The Great Depression was not an American event that happened to affect other countries—it was a global catastrophe whose international dimensions were shaped at every stage by the gold standard. The interwar gold standard linked the world's major economies through fixed exchange rates and gold flow rules that forced deflationary policies on countries regardless of their domestic economic conditions. When the United States contracted monetarily, the constraint forced other gold standard countries to contract as well. When banking crises threatened gold outflows, central banks raised interest rates into the teeth of depression. The countries that escaped the gold standard's chains earliest—Britain in 1931, the United States effectively in 1933—began recovering first. Those who stayed longest suffered longest. The gold standard did not cause the Depression, but it was the mechanism through which a severe American recession became a global catastrophe.
Quick definition: The interwar gold standard refers to the system of fixed exchange rates and gold convertibility restored by major economies in the 1920s—under which countries were required to maintain gold reserves sufficient to back their currencies, forcing domestic monetary policies to serve exchange rate targets rather than domestic economic conditions, transmitting American deflation globally and preventing the monetary expansion that could have shortened the depression.
Key takeaways
- The interwar gold standard linked major economies through fixed exchange rates, transmitting American deflation to every gold standard country.
- Countries on gold were forced to defend their exchange rates by raising interest rates during the depression—the opposite of what their economies needed.
- Britain left the gold standard in September 1931, freeing its monetary policy and beginning its recovery.
- The United States effectively suspended gold convertibility in 1933 when Roosevelt prohibited gold hoarding and devalued the dollar; this marked the turning point in the American depression.
- France and other "gold bloc" countries that stayed on gold longest suffered longest; France did not leave until 1936 and had the weakest recovery of major economies through the mid-1930s.
- The statistical evidence is stark: countries that left gold earlier recovered earlier, a correlation so consistent across countries that economists treat it as near-causal.
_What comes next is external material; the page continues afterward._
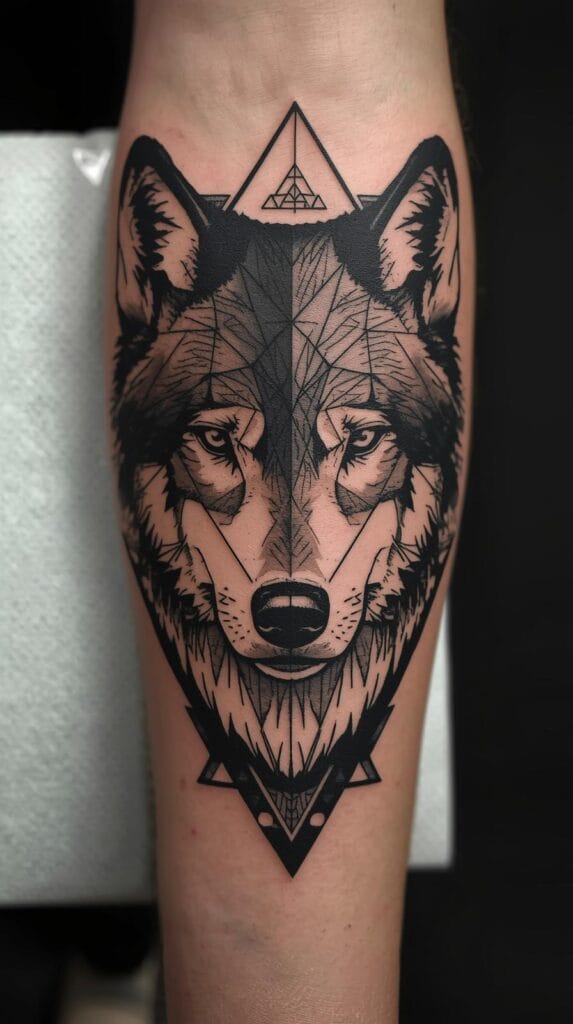 Geometric wolf tattoo, half-face wolf with clean black line geometry on one side, realistic shading on the other, symmetrical lines, triangle patterns, forearm tattoo layout.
The mechanics of gold standard transmission
Under the gold standard, a country that ran a balance-of-payments deficit—importing more than it exported—was required to pay the difference in gold. As gold flowed out, the country's money supply contracted (because currency had to be backed by gold reserves). The contraction raised interest rates, reduced credit, slowed the economy, reduced imports (because people were poorer), and eventually restored balance—but at the cost of a domestic contraction.
This mechanism worked symmetrically: surplus countries accumulated gold, which expanded their money supplies. The theory held that the system was self-equilibrating. In practice, surplus countries (particularly the United States and France) often "sterilized" their gold inflows—neutralizing the money-supply expansion that was supposed to occur—while deficit countries were forced to contract. The system was asymmetric: deflationary pressure could be transmitted without the offsetting inflationary transmission to surplus countries.
When the United States experienced banking failures and monetary contraction beginning in 1930, gold standard rules required other countries to follow. Countries that maintained the gold link were forced to adopt contractionary policies to defend their exchange rates, even as their economies deteriorated.
Britain's departure: the 1931 pivot
Britain restored the gold standard in 1925 at the prewar sterling-dollar parity of $4.86—a rate that most economists, including John Maynard Keynes, argued overvalued sterling. The overvalued exchange rate made British exports expensive and imports cheap, contributing to persistently high unemployment throughout the late 1920s even before the global depression began.
When the global depression intensified in 1931, foreign holders of sterling became concerned about Britain's ability to maintain gold convertibility. A run on Britain's gold reserves developed through the summer of 1931. The Bank of England raised interest rates to defend sterling, attracting foreign capital but deepening the domestic recession.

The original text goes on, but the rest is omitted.